### [Excerpted records]
==============================

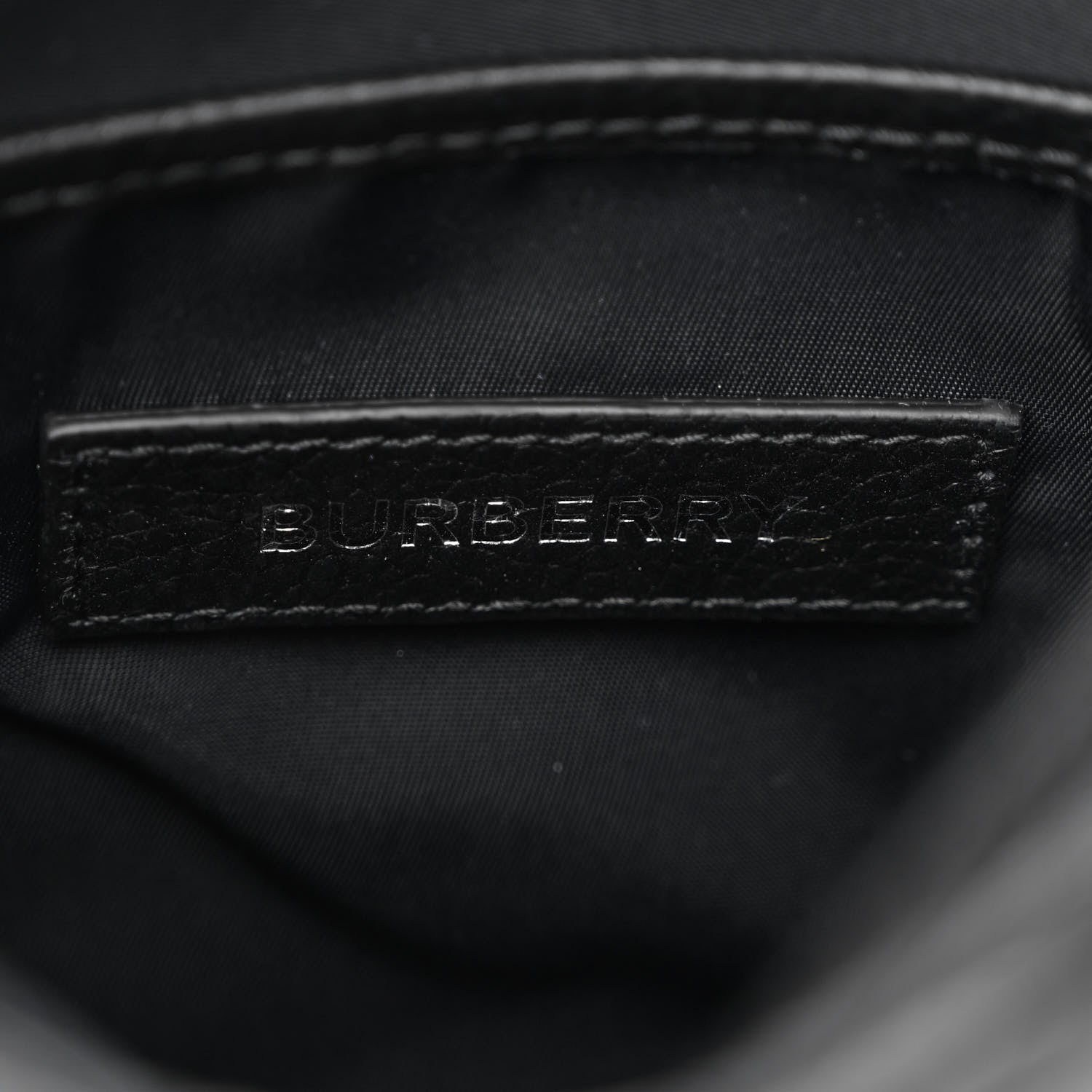 Burberry Grainy Calfskin Logo Embossed Crossbody Bag Black 6 of 10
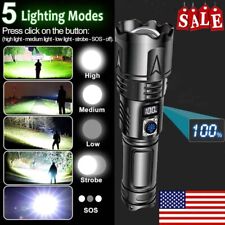 2500000 Lumens Super Bright Led Flashlight Rechargeable Tactical Worklight Torch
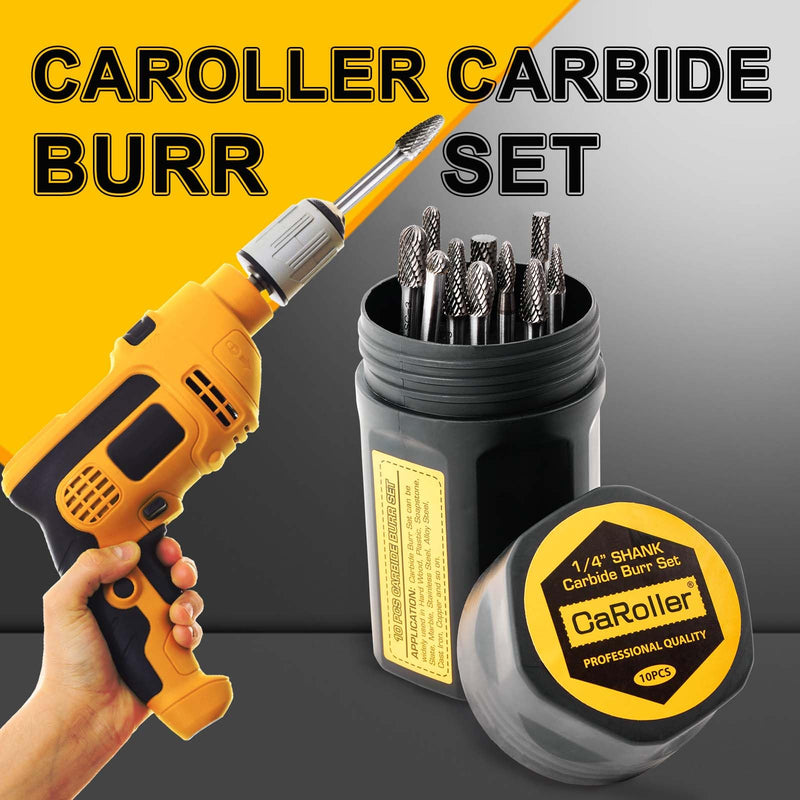 CaRoller Carbide Burr Set, 1/4" Shank 10PC Double Cut Die Grinder Rotary Tool Cutting Burrs Set for Metal and Wood Working Carving, Engraving, Polishing, Grinding with Portable Round Storage Case 10PC 1/4 shank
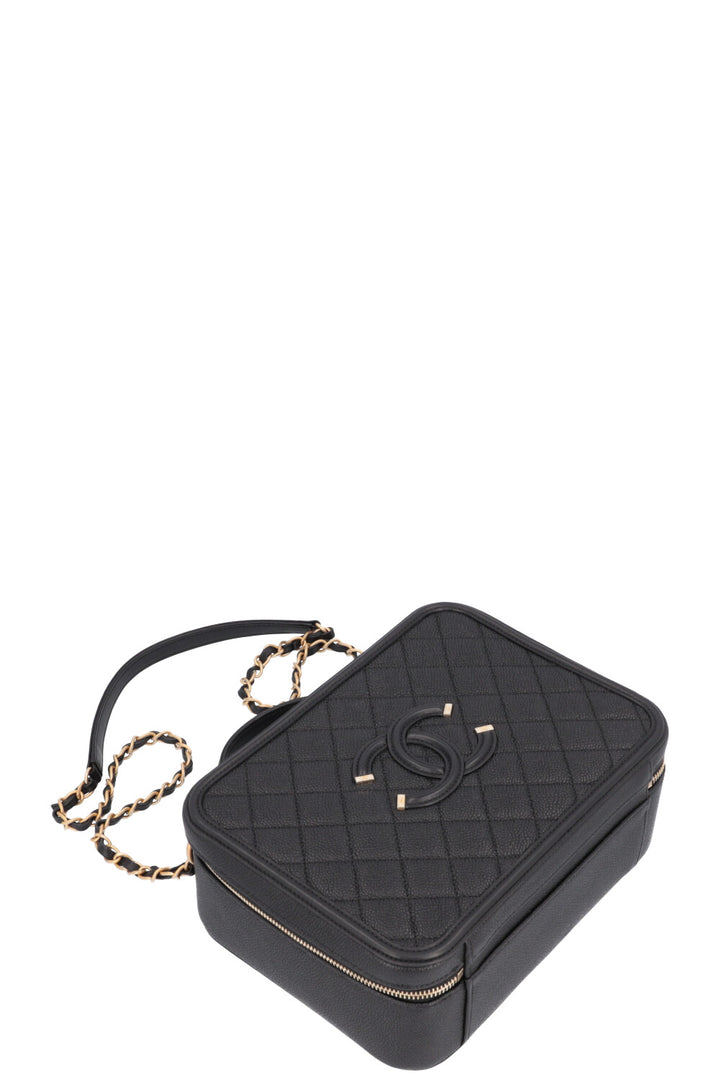 CHANEL CC Filigree Vanity Case Large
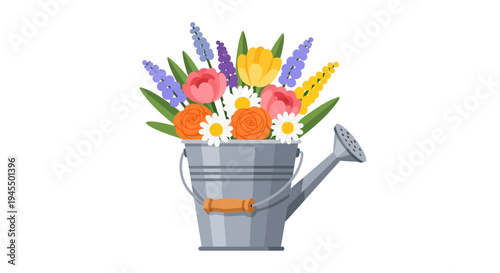 Galvanized metal watering can filled with a vibrant bouquet of colorful spring flowers, isolated white background.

==============================

Before copying, set the pictures aside; then reproduce each entry above exactly.

 Burberry Grainy Calfskin Logo Embossed Crossbody Bag Black 6 of 10
 2500000 Lumens Super Bright Led Flashlight Rechargeable Tactical Worklight Torch
 CaRoller Carbide Burr Set, 1/4" Shank 10PC Double Cut Die Grinder Rotary Tool Cutting Burrs Set for Metal and Wood Working Carving, Engraving, Polishing, Grinding with Portable Round Storage Case 10PC 1/4 shank
 CHANEL CC Filigree Vanity Case Large
 Galvanized metal watering can filled with a vibrant bouquet of colorful spring flowers, isolated white background.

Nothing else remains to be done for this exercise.